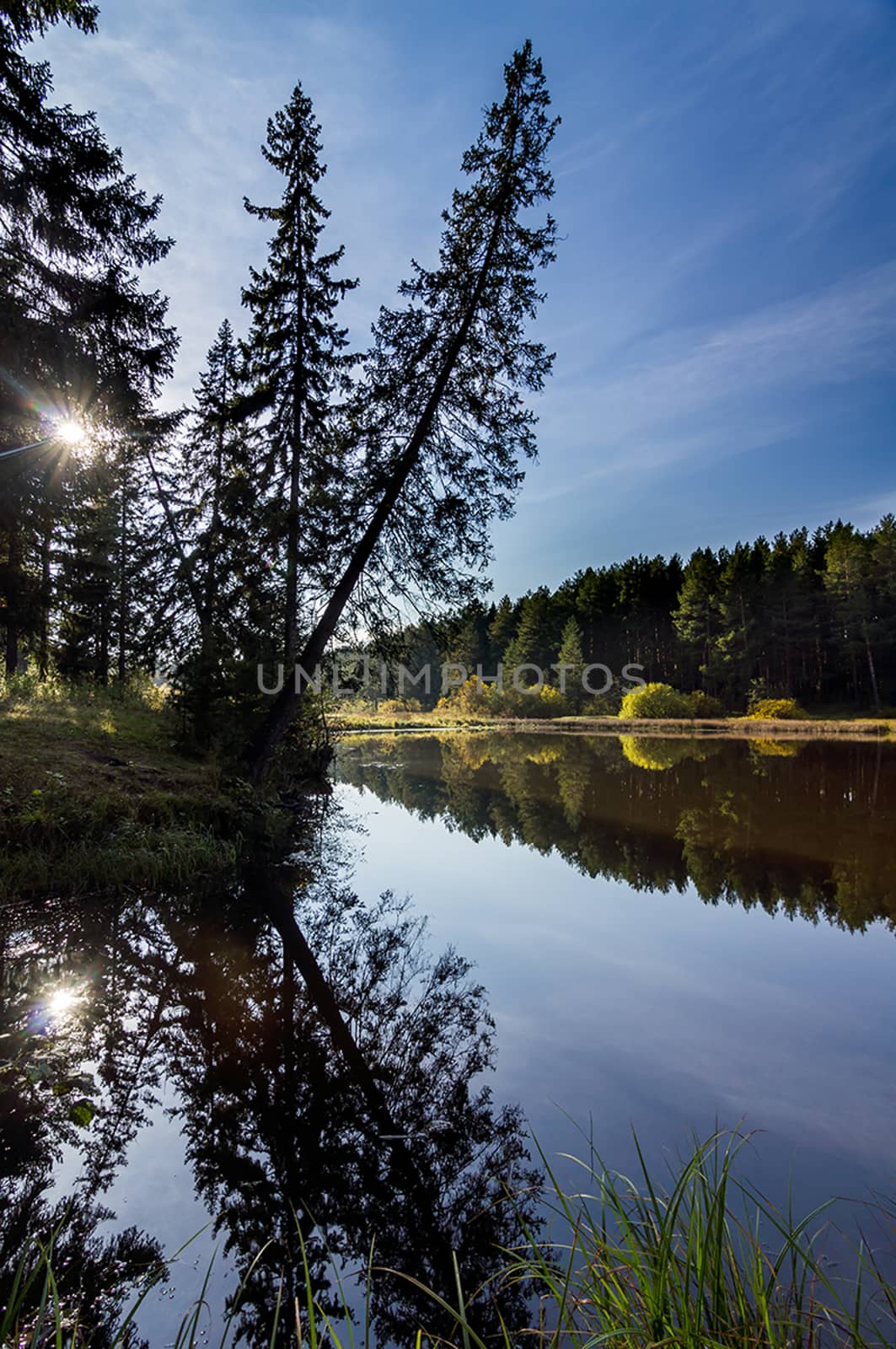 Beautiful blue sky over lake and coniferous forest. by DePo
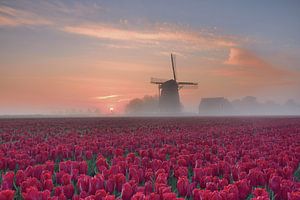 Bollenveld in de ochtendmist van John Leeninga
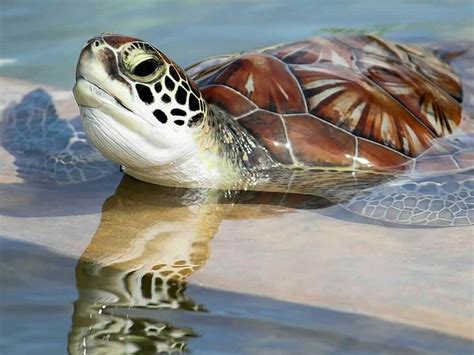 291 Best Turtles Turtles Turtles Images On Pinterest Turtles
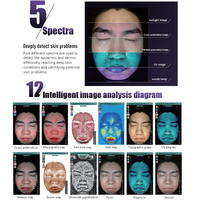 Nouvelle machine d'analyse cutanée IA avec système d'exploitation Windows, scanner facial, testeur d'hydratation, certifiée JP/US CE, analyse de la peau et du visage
•••••
**WHAT IS REQUIRED:**
Restate the whole listing above exactly, except for its images.

**OUTPUT OF THE EXERCISE:**
 Beautiful blue sky over lake and coniferous forest. by DePo
 Bollenveld in de ochtendmist van John Leeninga
 291 Best Turtles Turtles Turtles Images On Pinterest Turtles
 Nouvelle machine d'analyse cutanée IA avec système d'exploitation Windows, scanner facial, testeur d'hydratation, certifiée JP/US CE, analyse de la peau et du visage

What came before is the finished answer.